THE PROBLEM = Go through the records and report each line in which the word "фото" occurs.

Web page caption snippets
__________

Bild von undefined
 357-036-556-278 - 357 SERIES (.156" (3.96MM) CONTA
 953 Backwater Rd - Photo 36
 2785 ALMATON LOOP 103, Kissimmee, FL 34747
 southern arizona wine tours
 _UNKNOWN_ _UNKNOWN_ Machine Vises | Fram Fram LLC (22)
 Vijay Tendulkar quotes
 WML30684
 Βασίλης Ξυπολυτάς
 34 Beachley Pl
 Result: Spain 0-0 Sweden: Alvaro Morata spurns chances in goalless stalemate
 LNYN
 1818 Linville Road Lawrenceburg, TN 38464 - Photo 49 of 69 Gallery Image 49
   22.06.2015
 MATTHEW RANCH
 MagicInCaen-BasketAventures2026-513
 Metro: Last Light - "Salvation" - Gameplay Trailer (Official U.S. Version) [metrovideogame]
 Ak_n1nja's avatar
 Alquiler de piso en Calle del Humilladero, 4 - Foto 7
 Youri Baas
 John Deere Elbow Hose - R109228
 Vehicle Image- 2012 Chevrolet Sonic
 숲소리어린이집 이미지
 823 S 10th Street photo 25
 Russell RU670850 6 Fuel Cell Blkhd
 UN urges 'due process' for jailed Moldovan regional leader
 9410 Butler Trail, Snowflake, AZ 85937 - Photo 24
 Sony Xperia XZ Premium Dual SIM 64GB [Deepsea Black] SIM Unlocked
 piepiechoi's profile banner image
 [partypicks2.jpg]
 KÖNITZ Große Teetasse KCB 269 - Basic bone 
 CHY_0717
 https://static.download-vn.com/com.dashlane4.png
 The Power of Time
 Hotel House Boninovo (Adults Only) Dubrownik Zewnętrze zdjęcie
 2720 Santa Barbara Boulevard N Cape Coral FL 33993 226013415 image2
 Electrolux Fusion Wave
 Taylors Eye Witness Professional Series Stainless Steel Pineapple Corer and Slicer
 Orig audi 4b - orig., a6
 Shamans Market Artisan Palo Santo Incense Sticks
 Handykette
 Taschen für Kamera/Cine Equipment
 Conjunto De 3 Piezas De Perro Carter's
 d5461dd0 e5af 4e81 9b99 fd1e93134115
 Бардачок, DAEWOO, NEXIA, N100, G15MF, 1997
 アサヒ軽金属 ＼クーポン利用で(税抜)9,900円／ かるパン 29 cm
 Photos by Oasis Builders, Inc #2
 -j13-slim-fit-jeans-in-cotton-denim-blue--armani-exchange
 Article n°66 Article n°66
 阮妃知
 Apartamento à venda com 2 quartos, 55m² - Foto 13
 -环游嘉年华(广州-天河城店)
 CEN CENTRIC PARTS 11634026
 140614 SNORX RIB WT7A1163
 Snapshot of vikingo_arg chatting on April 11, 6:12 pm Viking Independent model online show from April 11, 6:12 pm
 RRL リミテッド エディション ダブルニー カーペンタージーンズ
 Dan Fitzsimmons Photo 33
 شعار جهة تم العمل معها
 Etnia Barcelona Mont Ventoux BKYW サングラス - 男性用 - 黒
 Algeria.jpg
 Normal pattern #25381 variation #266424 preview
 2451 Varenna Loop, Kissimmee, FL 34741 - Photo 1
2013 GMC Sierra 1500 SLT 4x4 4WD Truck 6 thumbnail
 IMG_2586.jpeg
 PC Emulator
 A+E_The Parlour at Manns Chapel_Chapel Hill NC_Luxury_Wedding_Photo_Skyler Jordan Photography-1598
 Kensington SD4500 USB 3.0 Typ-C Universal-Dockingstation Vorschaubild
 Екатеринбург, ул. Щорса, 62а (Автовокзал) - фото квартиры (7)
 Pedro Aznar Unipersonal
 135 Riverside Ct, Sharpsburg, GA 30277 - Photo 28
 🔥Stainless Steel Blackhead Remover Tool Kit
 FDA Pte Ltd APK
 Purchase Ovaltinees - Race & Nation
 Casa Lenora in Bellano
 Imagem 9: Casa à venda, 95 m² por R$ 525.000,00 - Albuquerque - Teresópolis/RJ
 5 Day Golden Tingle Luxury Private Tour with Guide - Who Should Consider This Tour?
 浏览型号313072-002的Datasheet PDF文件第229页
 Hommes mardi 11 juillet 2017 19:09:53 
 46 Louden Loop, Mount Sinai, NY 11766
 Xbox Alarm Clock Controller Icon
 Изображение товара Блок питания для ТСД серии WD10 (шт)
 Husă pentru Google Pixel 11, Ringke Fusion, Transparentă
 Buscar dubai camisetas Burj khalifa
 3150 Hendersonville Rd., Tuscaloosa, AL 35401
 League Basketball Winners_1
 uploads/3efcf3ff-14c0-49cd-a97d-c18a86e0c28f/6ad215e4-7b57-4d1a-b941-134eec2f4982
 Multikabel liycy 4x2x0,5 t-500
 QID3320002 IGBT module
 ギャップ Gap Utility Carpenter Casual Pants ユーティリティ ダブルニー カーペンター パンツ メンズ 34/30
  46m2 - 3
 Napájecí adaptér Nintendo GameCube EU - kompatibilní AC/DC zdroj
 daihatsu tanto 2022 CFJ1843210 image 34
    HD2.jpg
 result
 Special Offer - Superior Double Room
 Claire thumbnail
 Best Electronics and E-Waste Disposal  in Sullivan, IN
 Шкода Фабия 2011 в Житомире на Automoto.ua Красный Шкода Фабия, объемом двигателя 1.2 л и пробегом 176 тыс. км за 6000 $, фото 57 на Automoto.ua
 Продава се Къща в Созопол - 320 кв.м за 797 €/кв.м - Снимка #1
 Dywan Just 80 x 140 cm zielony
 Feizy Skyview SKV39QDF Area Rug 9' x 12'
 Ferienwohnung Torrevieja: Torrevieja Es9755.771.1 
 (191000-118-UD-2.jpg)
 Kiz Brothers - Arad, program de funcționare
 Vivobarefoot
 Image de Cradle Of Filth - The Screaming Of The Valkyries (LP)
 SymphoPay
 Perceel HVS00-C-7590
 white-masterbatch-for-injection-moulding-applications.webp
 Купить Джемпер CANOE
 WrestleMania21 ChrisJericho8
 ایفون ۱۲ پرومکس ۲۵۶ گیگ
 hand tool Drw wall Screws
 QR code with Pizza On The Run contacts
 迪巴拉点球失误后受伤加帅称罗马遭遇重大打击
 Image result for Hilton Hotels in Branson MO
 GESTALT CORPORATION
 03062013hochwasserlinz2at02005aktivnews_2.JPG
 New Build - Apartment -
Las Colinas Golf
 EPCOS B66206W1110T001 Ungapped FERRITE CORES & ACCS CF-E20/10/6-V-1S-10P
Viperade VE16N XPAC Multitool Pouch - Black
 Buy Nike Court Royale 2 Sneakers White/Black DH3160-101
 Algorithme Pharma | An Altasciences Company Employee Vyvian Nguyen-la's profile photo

__________

TASK SOLUTION =
 Екатеринбург, ул. Щорса, 62а (Автовокзал) - фото квартиры (7)
 Шкода Фабия 2011 в Житомире на Automoto.ua Красный Шкода Фабия, объемом двигателя 1.2 л и пробегом 176 тыс. км за 6000 $, фото 57 на Automoto.ua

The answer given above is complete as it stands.